---- Supplied records
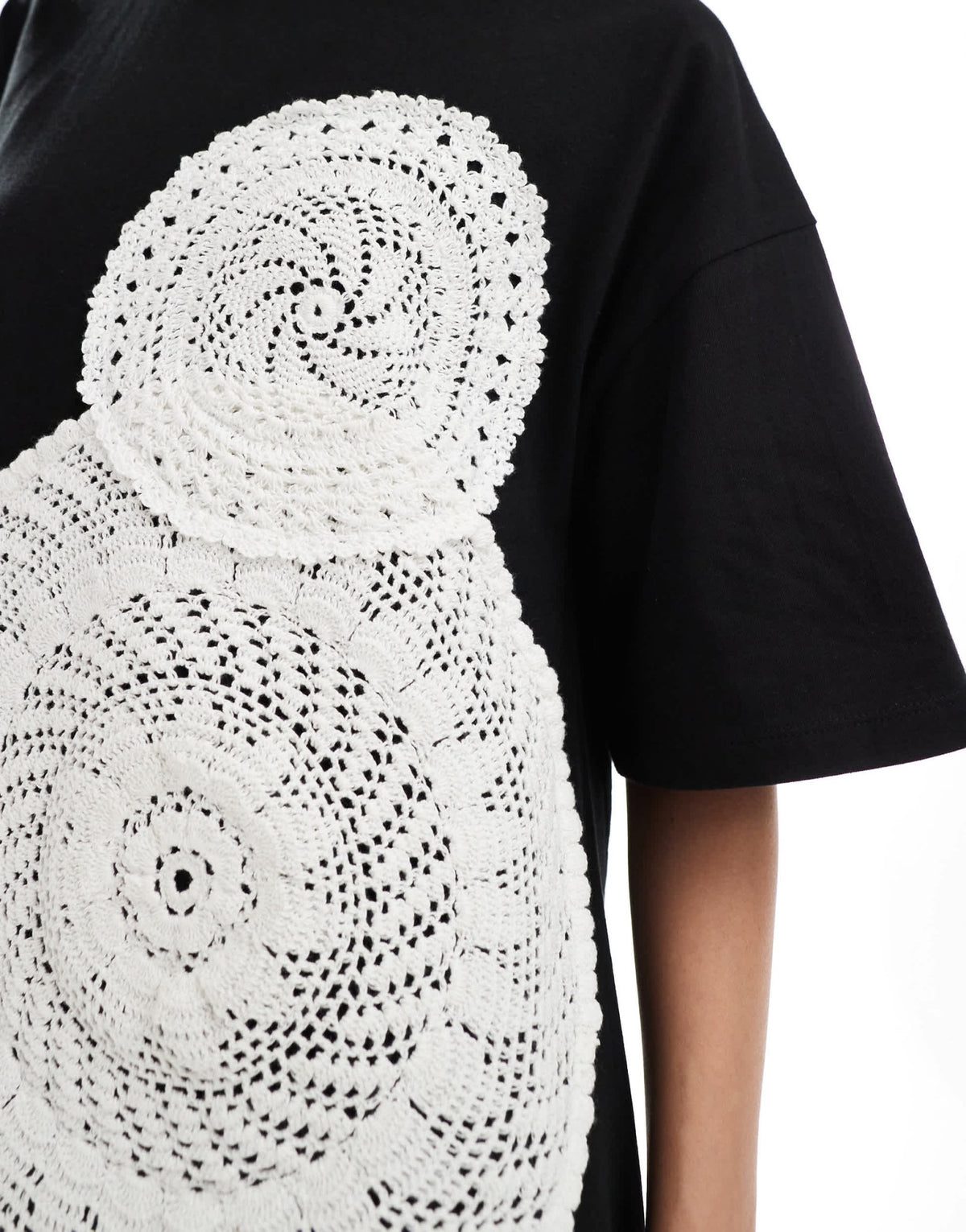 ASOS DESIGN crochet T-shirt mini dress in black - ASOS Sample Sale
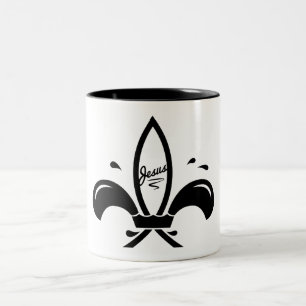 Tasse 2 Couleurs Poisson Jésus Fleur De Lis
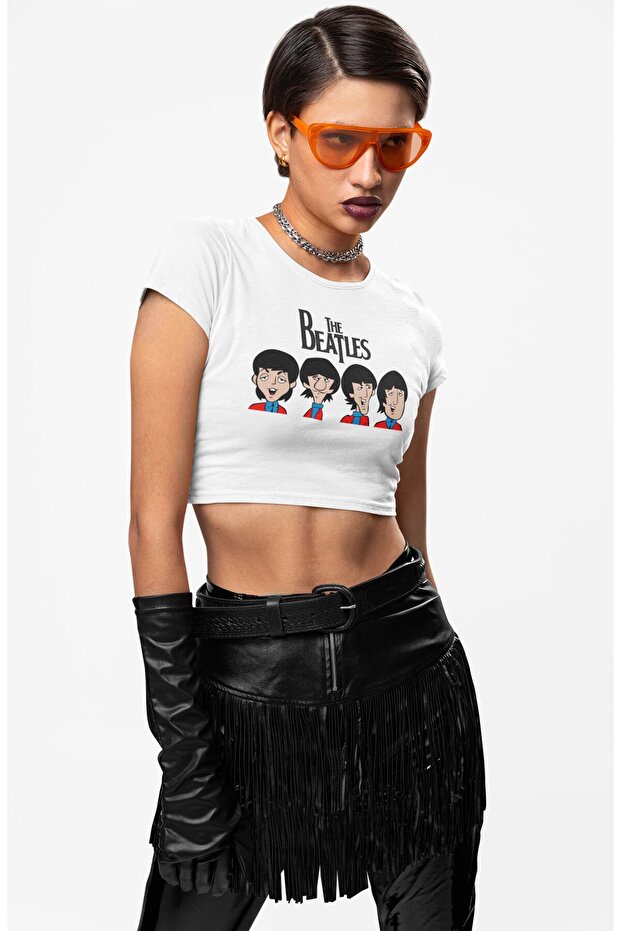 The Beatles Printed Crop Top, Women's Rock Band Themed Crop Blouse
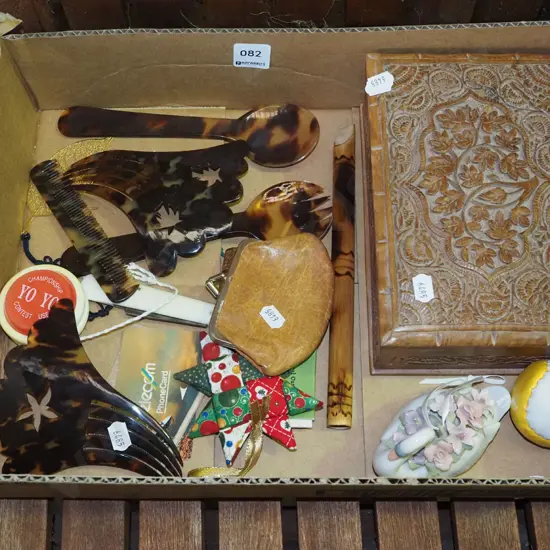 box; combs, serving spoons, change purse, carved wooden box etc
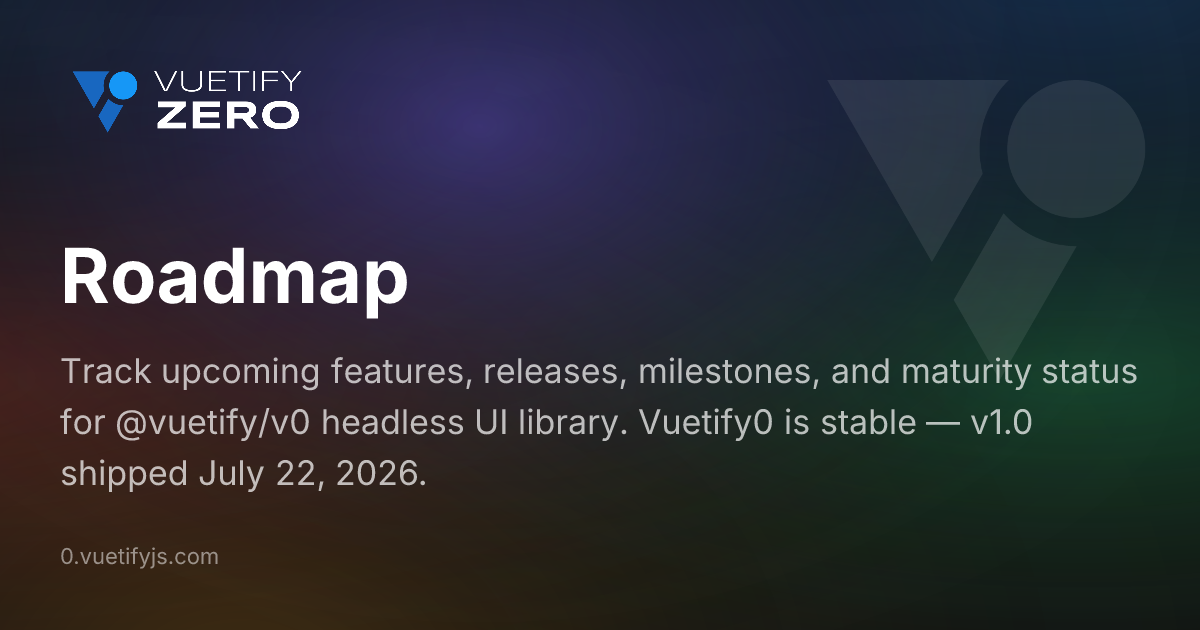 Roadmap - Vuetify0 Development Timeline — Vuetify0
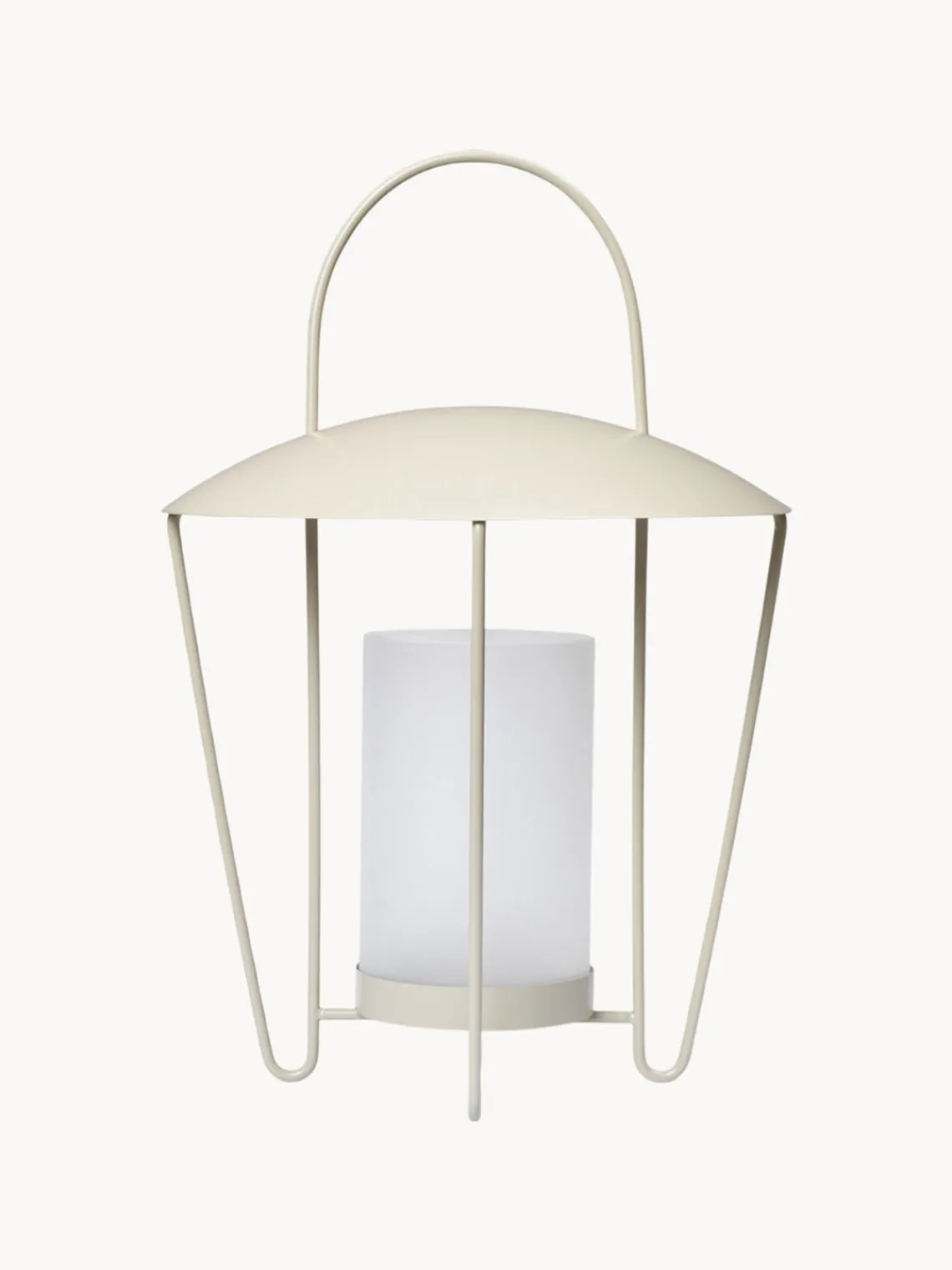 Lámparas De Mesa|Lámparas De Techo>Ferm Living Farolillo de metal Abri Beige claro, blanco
--------
---- Supplied records
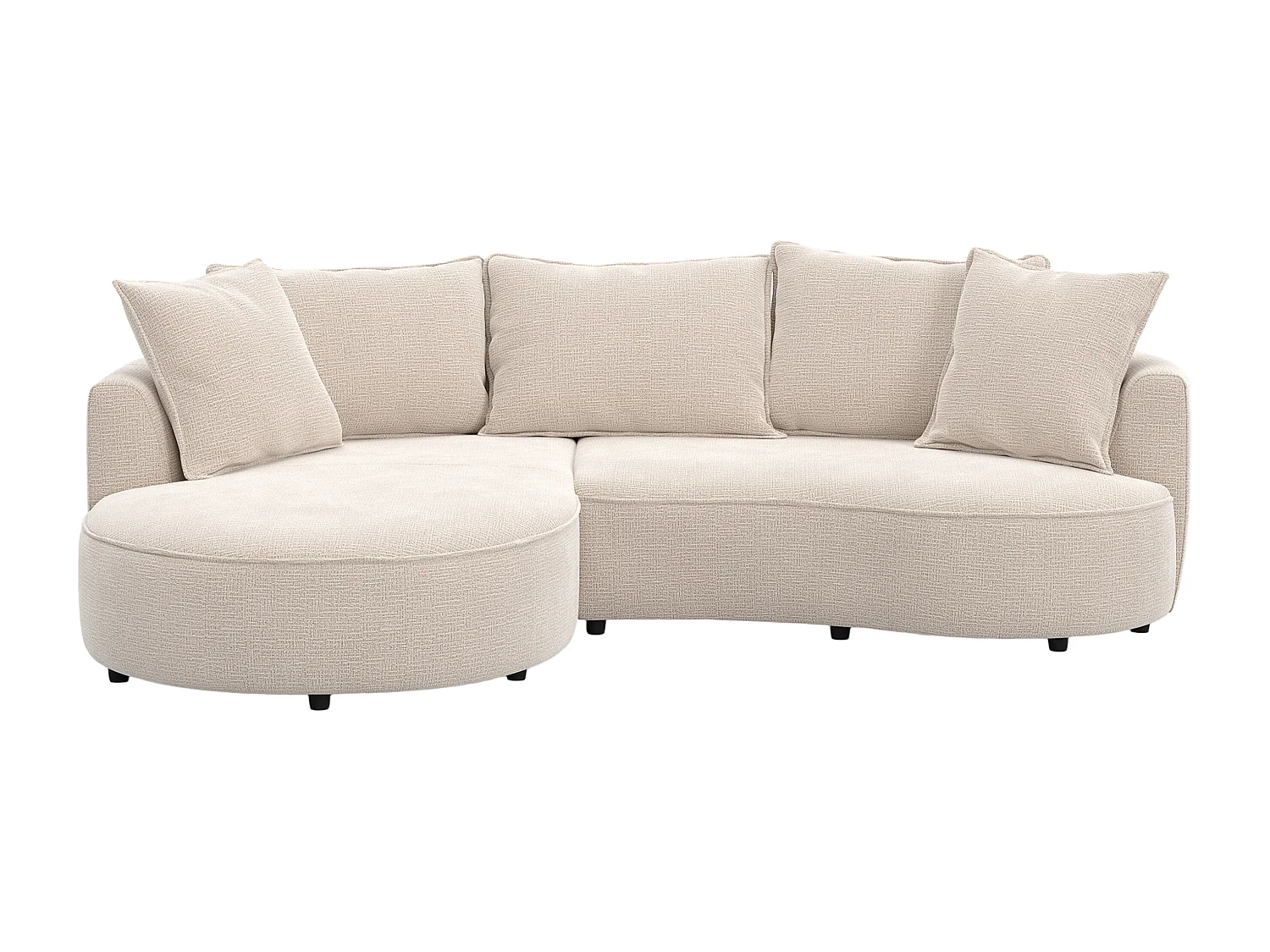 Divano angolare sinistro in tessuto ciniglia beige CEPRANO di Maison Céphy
--------
Exercise aim:
Transcribe the lines above exactly, beginning at the one with "Tasse 2 Couleurs Poisson Jésus Fleur De Lis" and ending at the one with "Lámparas De Mesa|Lámparas". Include both; exclude the pictures.

Reply to the task:
 Tasse 2 Couleurs Poisson Jésus Fleur De Lis
 The Beatles Printed Crop Top, Women's Rock Band Themed Crop Blouse
 box; combs, serving spoons, change purse, carved wooden box etc
 Roadmap - Vuetify0 Development Timeline — Vuetify0
 Lámparas De Mesa|Lámparas De Techo>Ferm Living Farolillo de metal Abri Beige claro, blanco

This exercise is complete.